> **DATA FOR REVIEW**:

__________

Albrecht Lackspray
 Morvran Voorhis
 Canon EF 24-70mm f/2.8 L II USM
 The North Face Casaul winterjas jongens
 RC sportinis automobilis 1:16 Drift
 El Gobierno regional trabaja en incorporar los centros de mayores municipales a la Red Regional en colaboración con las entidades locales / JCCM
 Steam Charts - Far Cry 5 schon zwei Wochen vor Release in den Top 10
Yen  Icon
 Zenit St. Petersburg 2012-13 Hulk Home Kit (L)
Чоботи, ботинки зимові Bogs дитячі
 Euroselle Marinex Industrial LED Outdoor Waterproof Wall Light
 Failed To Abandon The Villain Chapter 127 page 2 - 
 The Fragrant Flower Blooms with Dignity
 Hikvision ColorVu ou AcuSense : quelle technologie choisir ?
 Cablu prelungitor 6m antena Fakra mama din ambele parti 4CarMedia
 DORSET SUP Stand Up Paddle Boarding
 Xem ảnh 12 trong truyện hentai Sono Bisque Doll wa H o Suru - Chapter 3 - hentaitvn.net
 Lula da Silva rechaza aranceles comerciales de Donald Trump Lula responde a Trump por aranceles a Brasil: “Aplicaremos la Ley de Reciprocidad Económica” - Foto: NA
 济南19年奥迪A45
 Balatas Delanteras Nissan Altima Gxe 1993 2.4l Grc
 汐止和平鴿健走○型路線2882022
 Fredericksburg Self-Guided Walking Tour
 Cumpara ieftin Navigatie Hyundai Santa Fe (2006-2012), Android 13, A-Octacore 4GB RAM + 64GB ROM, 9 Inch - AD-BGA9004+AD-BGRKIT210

__________

> **ABOUT THIS EXERCISE**: For this exercise, output exactly the lines above from the line with "Morvran Voorhis" to the line with "El Gobierno regional", counting both, and leave out the rest.

> **EXERCISE OUTPUT**:
 Morvran Voorhis
 Canon EF 24-70mm f/2.8 L II USM
 The North Face Casaul winterjas jongens
 RC sportinis automobilis 1:16 Drift
 El Gobierno regional trabaja en incorporar los centros de mayores municipales a la Red Regional en colaboración con las entidades locales / JCCM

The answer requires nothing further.